Kate’s latest adventure is A Death in the Dales. The story unfolds in the village of Langcliffe and the market town of Settle so it was fitting that the official launch – publication day, Thursday, 1 October – took place in the new Settle Library. The library is housed in a complex that provides housing for the elderly. What a good idea to live in a building with books on the ground floor. Hazel, from the library, had baked delicious cakes and scones. Some scones turn out claggy but these were perfect – as was the whole evening, with a lively audience and brilliant staff and volunteers.
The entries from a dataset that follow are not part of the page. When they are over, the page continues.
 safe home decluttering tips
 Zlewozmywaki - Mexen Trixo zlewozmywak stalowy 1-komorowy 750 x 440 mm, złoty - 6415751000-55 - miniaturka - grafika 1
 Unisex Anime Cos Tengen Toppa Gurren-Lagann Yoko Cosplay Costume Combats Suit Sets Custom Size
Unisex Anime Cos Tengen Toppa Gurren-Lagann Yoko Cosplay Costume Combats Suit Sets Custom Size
I wish I were smarter about taking photographs, or asking others to do so. In Waterstones, Leeds, 2 October, there was a bumper audience and queues. I can’t show you this small triumph because I didn’t take a picture, but here’s the beautiful cake baked by Barbara.
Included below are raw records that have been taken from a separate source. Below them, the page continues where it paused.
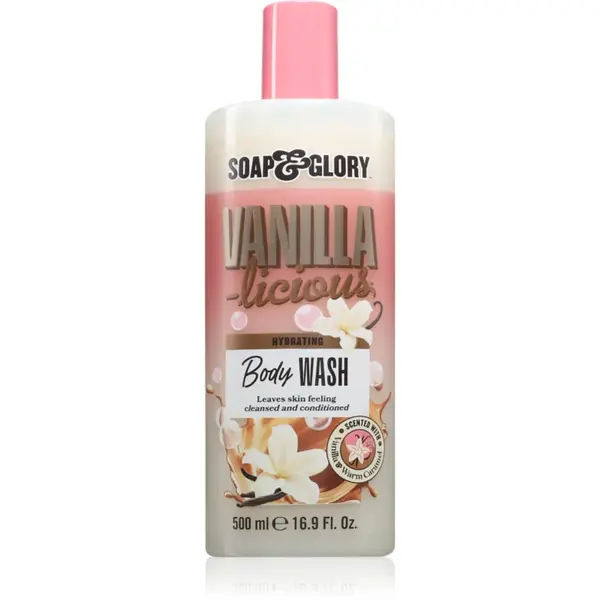 Soap & Glory Vanilla gel de duș 500 ml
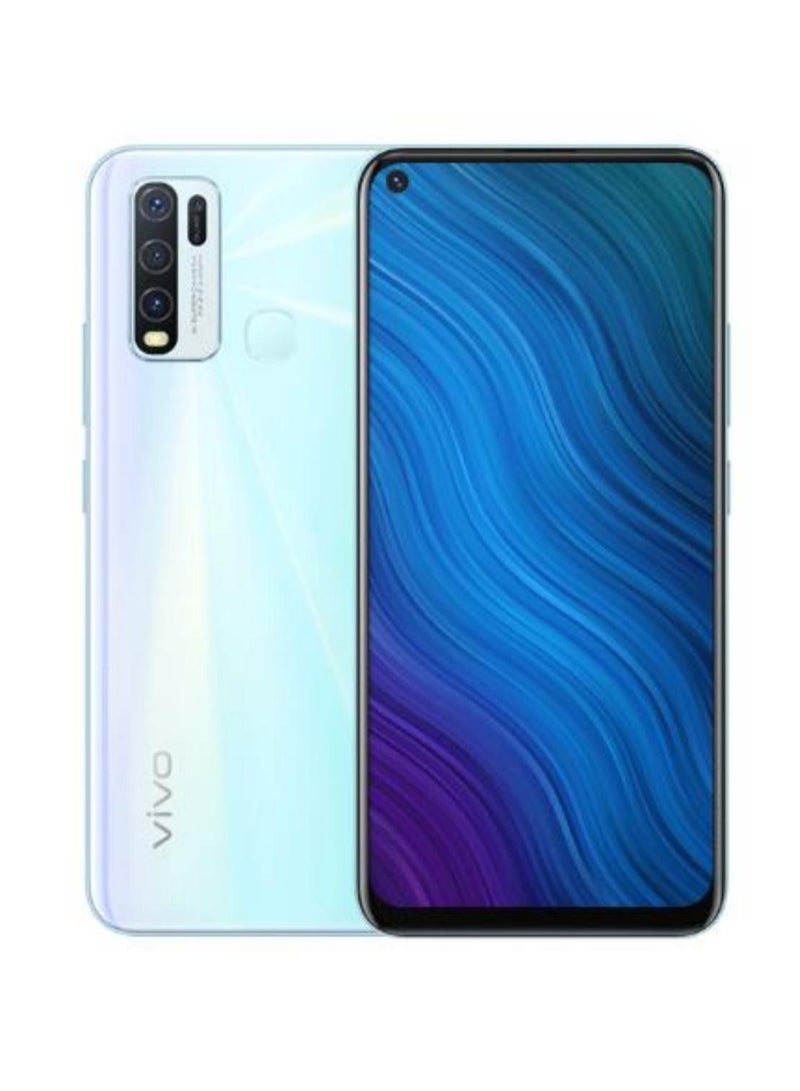 فيفو Y50 ثنائي الشريحة أبيض لؤلؤي 8 جيجابايت رام 128 جيجابايت 4G LTE - Image 3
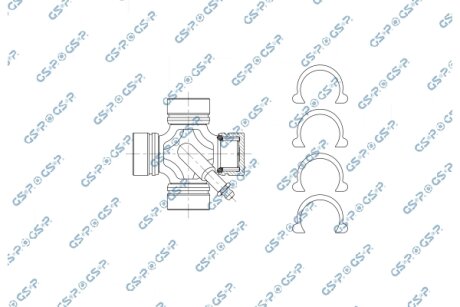 Хрестовина шарнірного вала GSP UJ900165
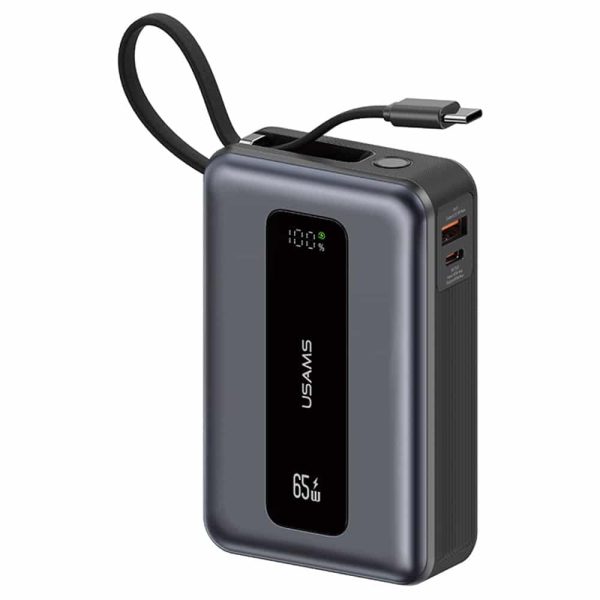USAMS CD243 20000mah 65W PD Power Bank USAMS CD243 20000mah 65W PD Power Bank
Booksellers in Waterstones, Harrogate are great promoters of the series. Here there was much chat, including with Twitter friend Pam and my retired police officer adviser and his wife. I met up with my primary school friend, Mary. She and I failed the then all-important 11 plus examination. Mary likes to tell people what a giggler I was at school. My big flaw was in not grasping that you were supposed to take school seriously, but surely I must have done something right …? Maybe not.
A clothing designer and her mother came into the store. The designer wore a beautiful tweed coat. Talented designer, if you read this, send me (a potential customer) your details.
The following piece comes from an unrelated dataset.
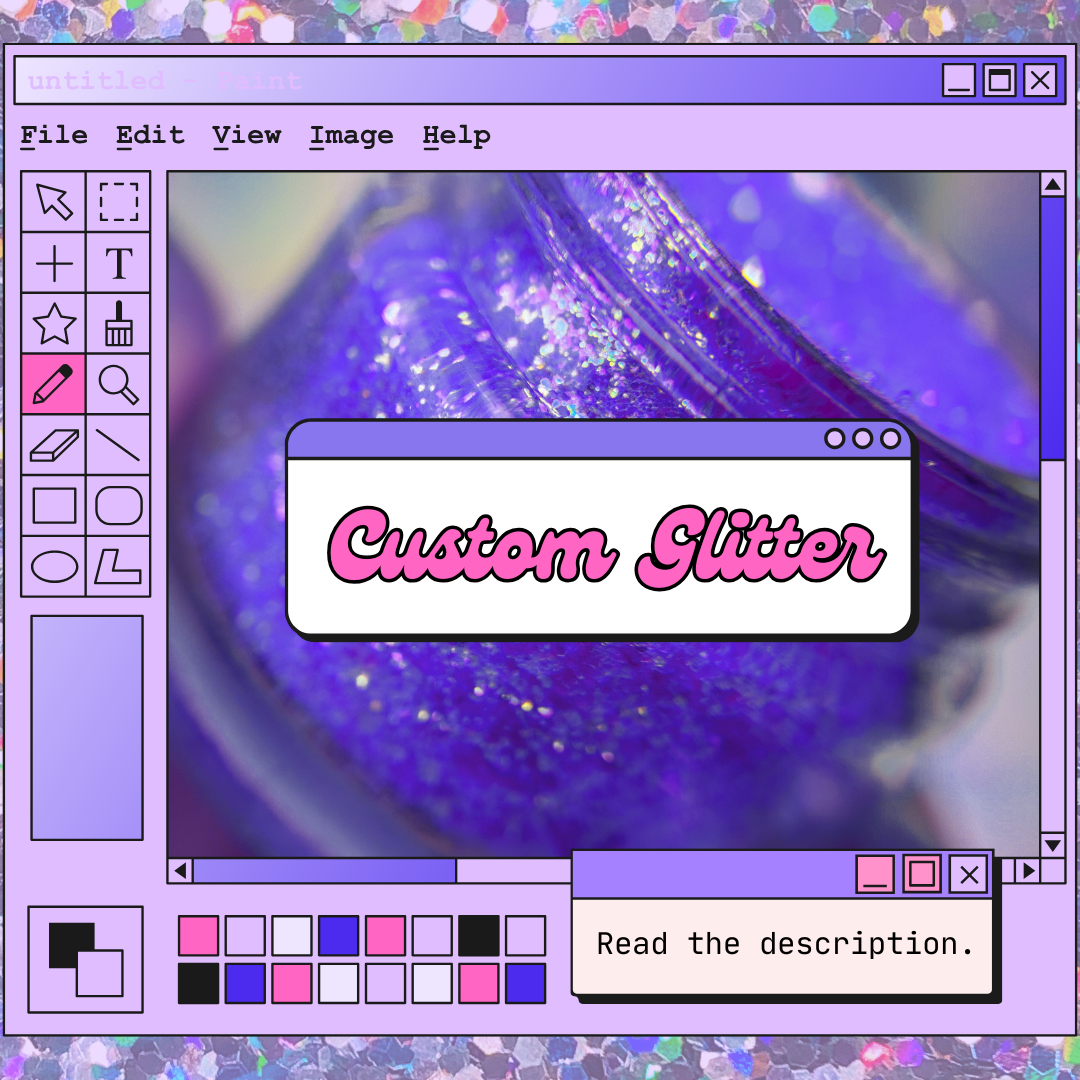 Custom Glitter Gels (Create Your Own Mix)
What a magical day! This festival is only four years old, but impeccably organized. It was great to have such an appreciative audience in the lovely old Town Hall. I also enjoyed my tour of the town, and can highly recommend the ice cream parlour.
It was good to see the familiar faces of Kate Shackleton fans in Waterstones, York and to say hello to people I’d met last year and the year before. When someone didn’t know the books but showed interest, I employed my sales pitch, saying,: “Murder mysteries, set in Yorkshire in the 1920s, would you like a bookmark?” I varied this when a man approached sporting a t-shirt emblazoned with an amiable, deeply-lined face. I said, “Isn’t that Sid James on your t-shirt?” He said, “You are the only person to recognize him.” The Sid James fan didn’t buy a book, but Kate Shackleton was the day’s best-seller. I persuaded two fans to be photographed. If you read this, thank you for keeping on smiling while I spent ages faffing to take the picture.